Retelling the old, old stories
The church and Disney World have something in common: they seek to make old stories fresh and real to new generations. I just got back from Disney World with my kids, and although there’s a lot I could say about Disney that isn’t positive (consumerism, colonialism, its desire to overtake my children’s imaginations), I hadn’t anticipated that Disney would set me thinking about how stories get told and passed on.
Disney World conserves, preserves, and continues its well-loved traditions with an awareness of how the world is changing. Disney is highly invested in its stories and the songs and images that go with them, and it takes great care to conserve these stories creatively.
The Magic Kingdom, for example, has some of its original 1971 attractions and doesn’t apologize for their oddities. The Swiss Family tree house is still around even though most children are unfamiliar with the story. The Bible on the staged dining room table of the tree house seems quaint.
But Disney doesn’t only conserve, it also adapts. A ride on Dumbo the flying elephant once had the longest line in the park, but Disney cut wait times in half by creating a copy of the ride and then setting up preschool play areas in the waiting rooms. A buzzer lets you know when it’s your turn for the ride.
Disney doesn’t hesitate to retell the old stories. The newest attractions are based on the 1937 Snow White and a pair of movies from the childhoods of today’s parents: 1989’s Little Mermaid and 1991’s Beauty and the Beast. Enchanted Tales with Belle is a well-thought-out mix of old and new media, and of up-to-the-minute technology and low-tech, high-touch intimacy. Guests walk through rooms and encounter a high-tech talking wardrobe and candlestick created with digital software. But they also engage with actual human beings. This mix of media in a time-tested story makes this one of the most charming attractions in the parks.
Disney tells a story multiple times, in ways calibrated to keep your interest. I saw the Little Mermaid singing in Hollywood Studios, on a ride in the Magic Kingdom, at a breakfast in Epcot, and on a parade float and a boat. She was also on the merchandise. People love this mermaid, but Disney parcels her out carefully: enough to make her familiar but not so much that anyone will stop coming to the parks to look for her.
Disney aims at the whole person, body and soul. The physicality of the experience is essential to the Disney “magic.” Feel the drop on the roller coaster. See and touch life-sized characters from the films. Hear the nonstop Disney soundtrack. Smell the sweet scent of faux rum wafting off the drunken robotic pirates. The sensory experiences cement the memories. And Disney makes embodied demands on its guests as well: a hefty price for tickets, long lines, and lots of walking.
What could the church learn from this storytelling enterprise?

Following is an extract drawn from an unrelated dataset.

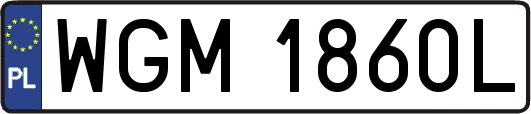 WGM1860L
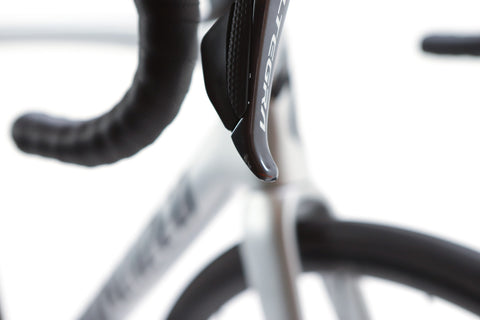 Specialized Tarmac SL7 Expert Shimano Ultegra Di2 Disc Road Bike 2021, Size 54cm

I was impressed by three aspects of Disney: its willingness to tell a story again and again when the story is worth telling, its realization that human embodiment is central to knowing and remembering, and its confidence that people will submit to steep demands to be part of a story told well.
What if the kingdom of heaven is a bit like the Magic Kingdom, a place where the old, old story takes on new life, can be readapted for new generations while also being faithfully itself, and makes serious claims on human beings—body and soul—that will not let them go?